I’ve certainly made these points when writing and pontificating about gun control. But I’m a libertarian, so that’s hardly a surprise. We’re people who instinctively are skeptical of giving government power over individuals.
But when someone on the left reaches the same conclusion, that’s perhaps more significant. Especially when you get the feeling that they would like ban private gun ownership in their version of a perfect world.
That’s why I heartily recommend Jeffrey Goldberg’s article in The Atlantic.
Here are some of the most profound passages in the article, beginning with a common-sense observation that there’s no way for the government to end private gun ownership.

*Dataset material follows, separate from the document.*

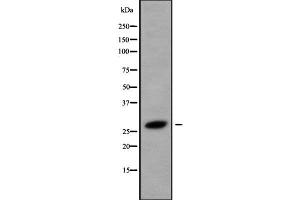 Western blot analysis of HOXB8 using LOVO whole cell lysates (HOXB8 antibody  (Internal Region))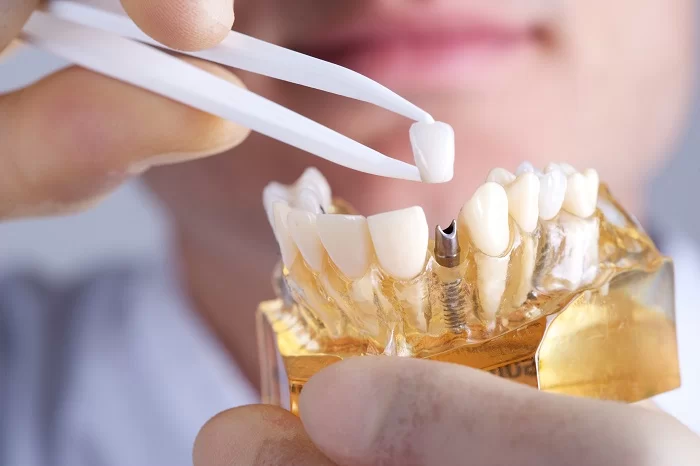Sau khi trồng răng implant thì nên ăn những gì?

According to a 2011 Gallup poll, 47 percent of American adults keep at least one gun at home or on their property, and many of these gun owners are absolutists opposed to any government regulation of firearms. According to the same poll, only 26 percent of Americans support a ban on handguns. …There are ways, of course, to make it at least marginally more difficult for the criminally minded, for the dangerously mentally ill, and for the suicidal to buy guns and ammunition. …But these gun-control efforts, while noble, would only have a modest impact on the rate of gun violence in America. Why? Because it’s too late. There are an estimated 280 million to 300 million guns in private hands in America—many legally owned, many not. Each year, more than 4 million new guns enter the market. …America’s level of gun ownership means that even if the Supreme Court—which ruled in 2008 that the Second Amendment gives citizens the individual right to own firearms, as gun advocates have long insisted—suddenly reversed itself and ruled that the individual ownership of handguns was illegal, there would be no practical way for a democratic country to locate and seize those guns.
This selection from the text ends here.